Plusieurs pays ont adopté un code à trois couleurs (Rouge, Orange, Vert) à l’attention de leurs ressortissants qui voudraient voyager. « Pour le moment, l’Angleterre nous a placés en orange, c’est à dire que les touristes seront soumis à un confirment obligatoire à leur retour dans leur pays », indique Abdessattar Badri.

Pour comparaison, nos voisins marocains ont avancé d’une manière considérable dans leur campagne de vaccination.

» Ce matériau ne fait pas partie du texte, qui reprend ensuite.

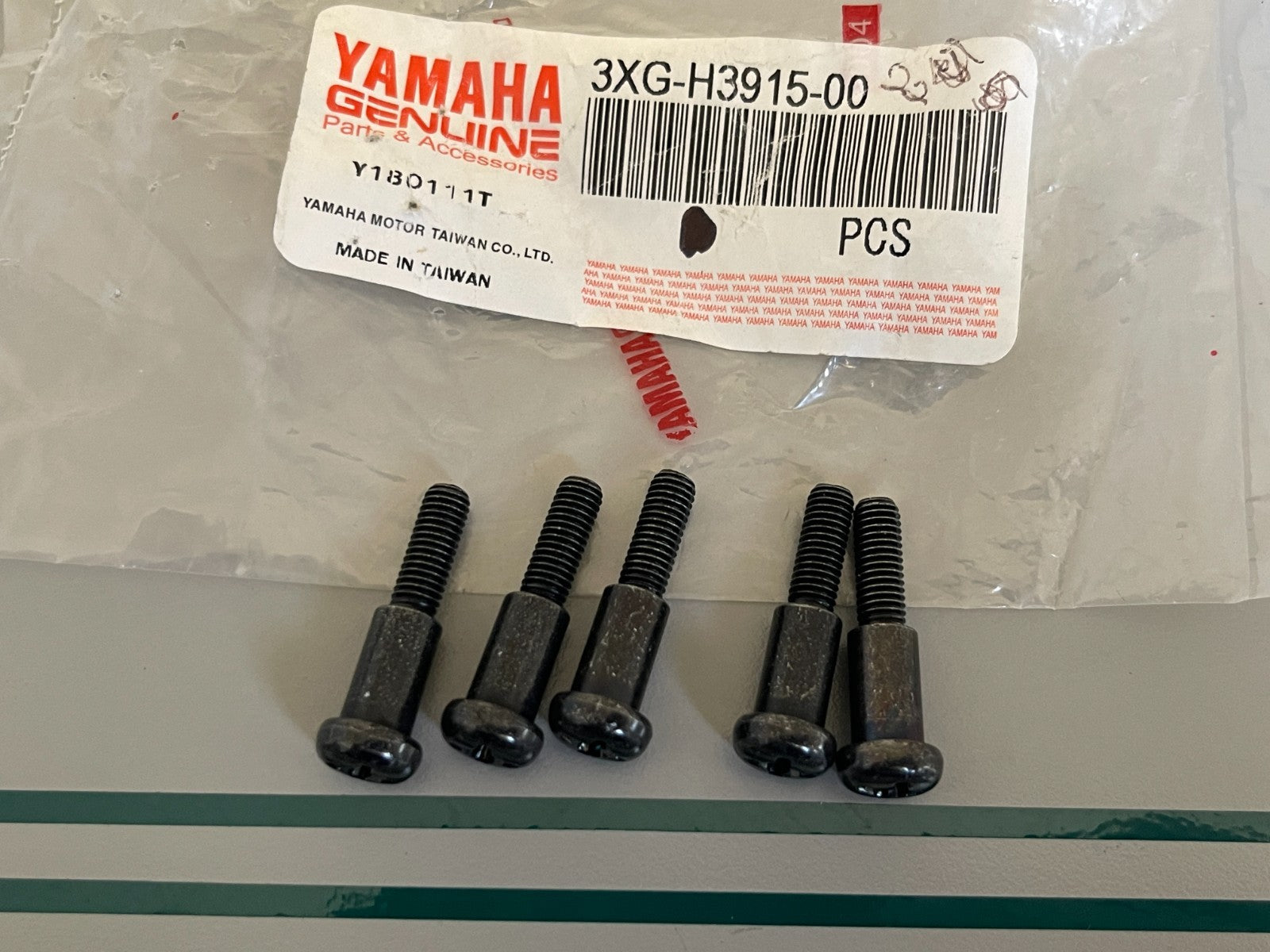 NEW OEM (LOT OF 5) 3XG-113915-00-00 Yamaha Lever Fitting Screw 0810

Avec 300.000 personnes vaccinées chaque jour, dans un mois, en pleine saison touristique, la population sera vaccinée à 50 %.

Abdessattar Badri deplore le manque de coordination du gouvernement avec notre Ministère tutelle dans la gestion de cette pandémie . « Les mesures de soutiens sont insuffisantes pour nous garantir le maintien des emplois et les décisions du comité scientifique ne tient en cas compte des spécificités du secteur tourisme », indique-t-il.

En effet, le couvre-feu, le confinement décidé la veille et le manque de contrôle du respect des gestes barrières, nuisent à l’image de la Tunisie auprès des voyagistes internationaux.

Ce constat est également partagé par Dora Milad, présidente de la Fédération tunisienne de l’hôtelletrie. elle nous indique que depuis le début de la pandémie, 80% des hôtels ont fermé leurs portes faute de clientèle.

« A Djerba 95% des hôtels ont fermé, seuls deux d’entre eux sont restés ouverts », souligne-t-elle.

Elle aussi, espère que les professionnels du secteur du tourisme feront partie des personnes vaccinées en priorité. « D’autres pays concurrents directs du bassin méditerranéen, comme la Grèce et la Turquie, l’ont déja fait et cela fonctionne », nous dit-elle.

En effet, si d’autres pays ont engagé depuis plusieurs mois une stratégie de tourisme post-covid, la Tunisie semble naviguer à vue.

La Présidente de la FTH avait même fait une requête au gouvernement afin que chaque établissement puisse prendre en charge financièrement la vaccination de son personnel, en vain.

D’après Dora Milad, cette saison qui arrive sera synonyme de survie pour se préparer à 2022. Une urgence, selon elle, afin de ne pas détruire en un an ce qui a mis 50 ans à se construire.